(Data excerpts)
=== Section Start ===
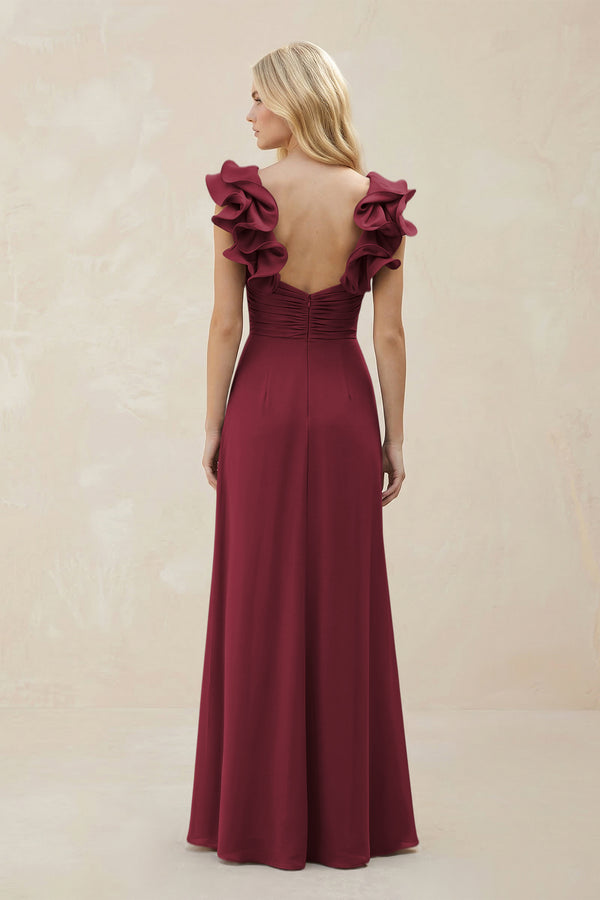 Ruffled Sleeves A-Line Chiffon Sweetheart Bridesmaid Dress in Berry (2) | KISSBRIDAL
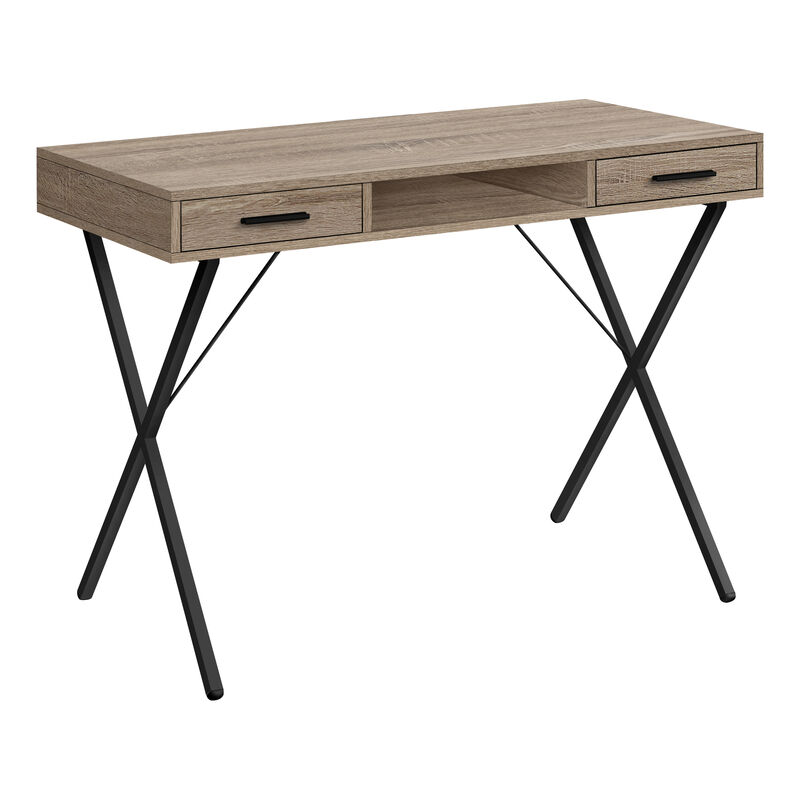 Monarch Specialties I 7796 Computer Desk, Home Office, Laptop, Left, Right Set-up, Storage Drawers, 42"L, Work, Metal, Laminate, Brown, Black, Contemporary, Modern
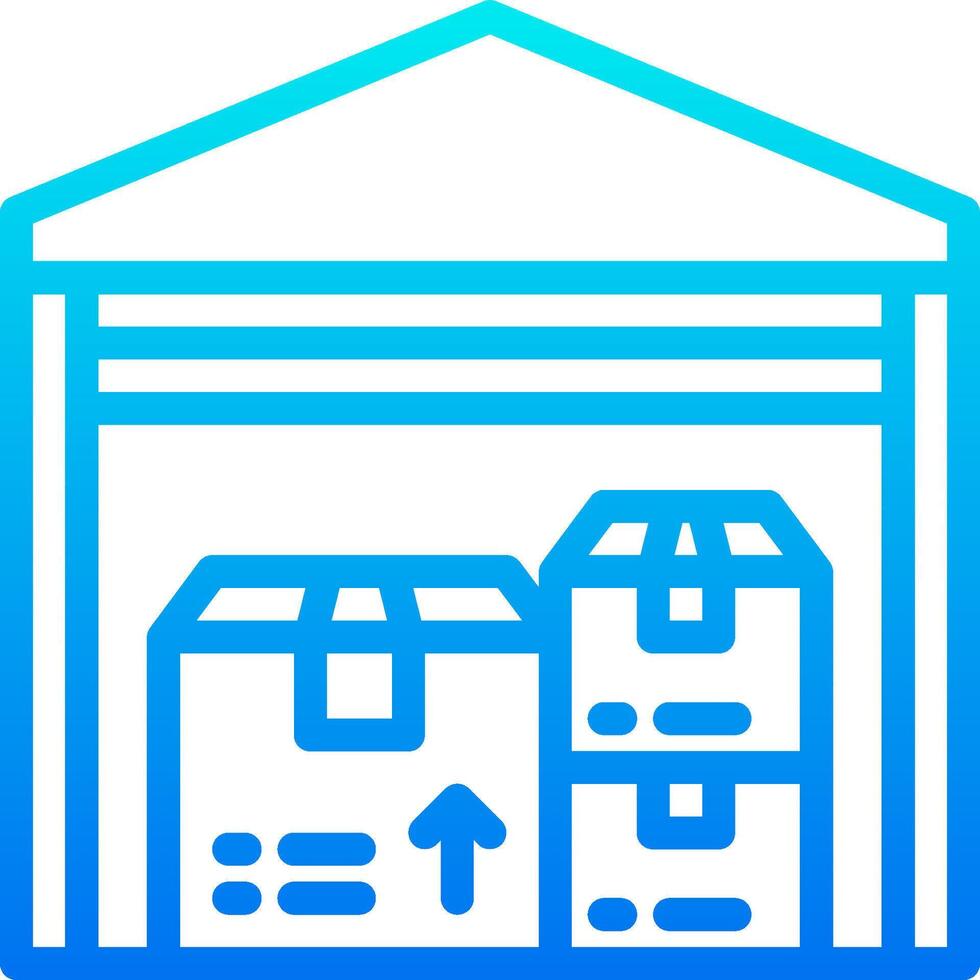A blue icon of a warehouse with boxes and boxes vector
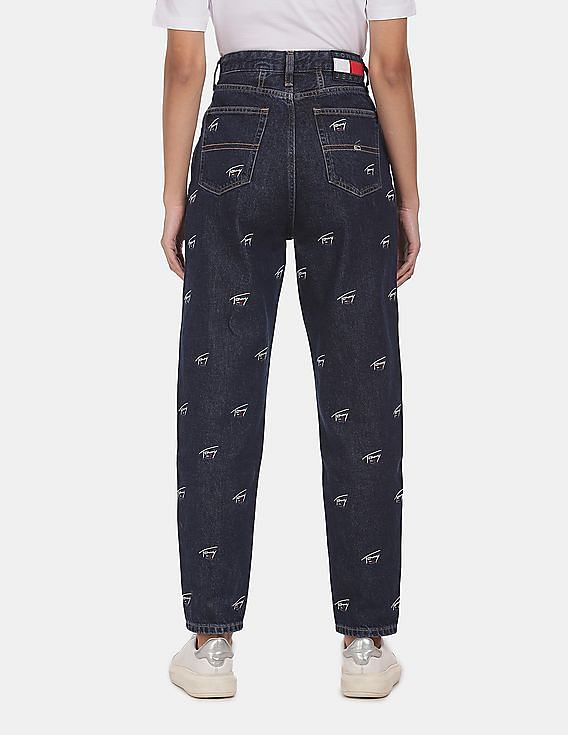 tommy hilfiger embroidered mom jeans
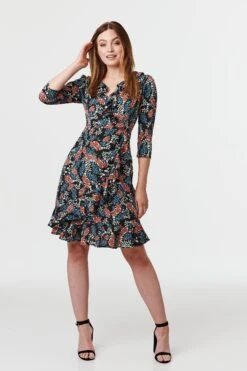 Floral 3/4 Sleeve Frilled Dress 9 Floral 3/4 Sleeve Frilled Dress -Hallmark Style D160200 MULTI BLACK 1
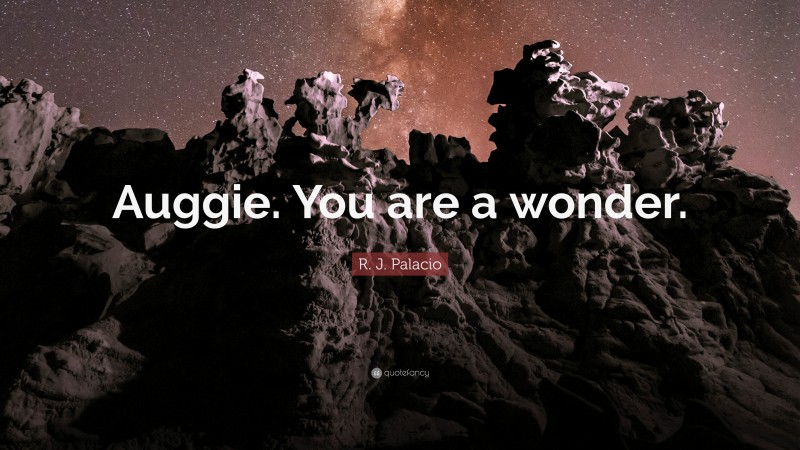 R. J. Palacio Quote: “Auggie. You are a wonder.”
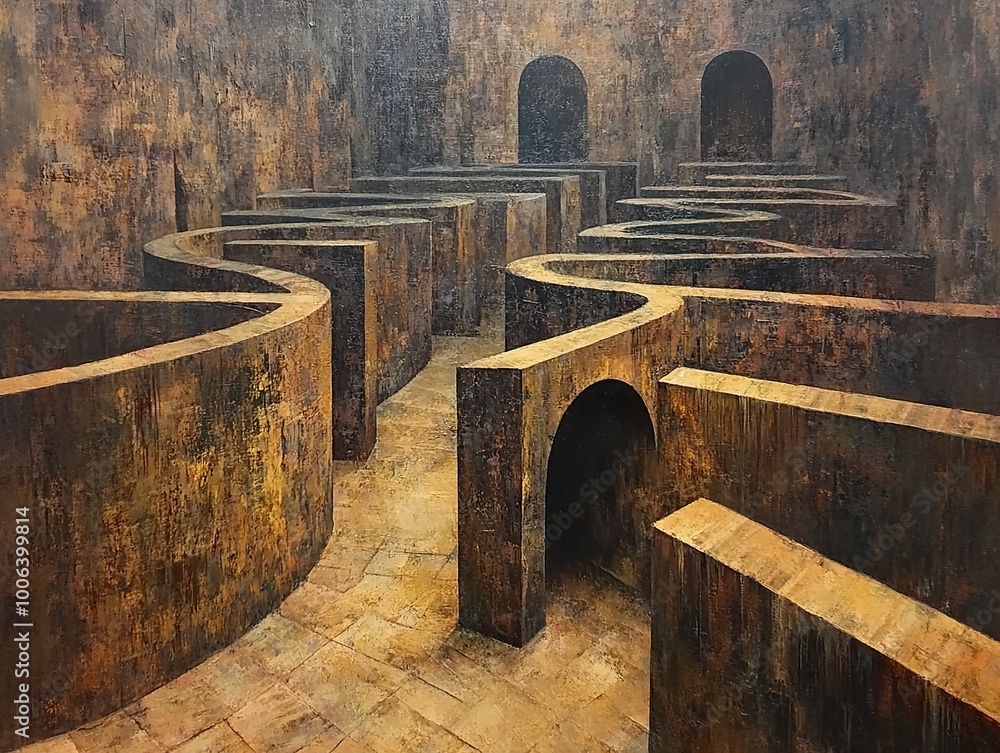 Wall mural Abstract Labyrinth: A Journey Through Stone and Shadows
=== Section End ===
■ Exercise goal
Copy each entry exactly as written. Images should not appear in the copy.

■ Task result
 Ruffled Sleeves A-Line Chiffon Sweetheart Bridesmaid Dress in Berry (2) | KISSBRIDAL
 Monarch Specialties I 7796 Computer Desk, Home Office, Laptop, Left, Right Set-up, Storage Drawers, 42"L, Work, Metal, Laminate, Brown, Black, Contemporary, Modern
A blue icon of a warehouse with boxes and boxes vector
 tommy hilfiger embroidered mom jeans
 Floral 3/4 Sleeve Frilled Dress 9 Floral 3/4 Sleeve Frilled Dress -Hallmark Style D160200 MULTI BLACK 1
 R. J. Palacio Quote: “Auggie. You are a wonder.”
 Wall mural Abstract Labyrinth: A Journey Through Stone and Shadows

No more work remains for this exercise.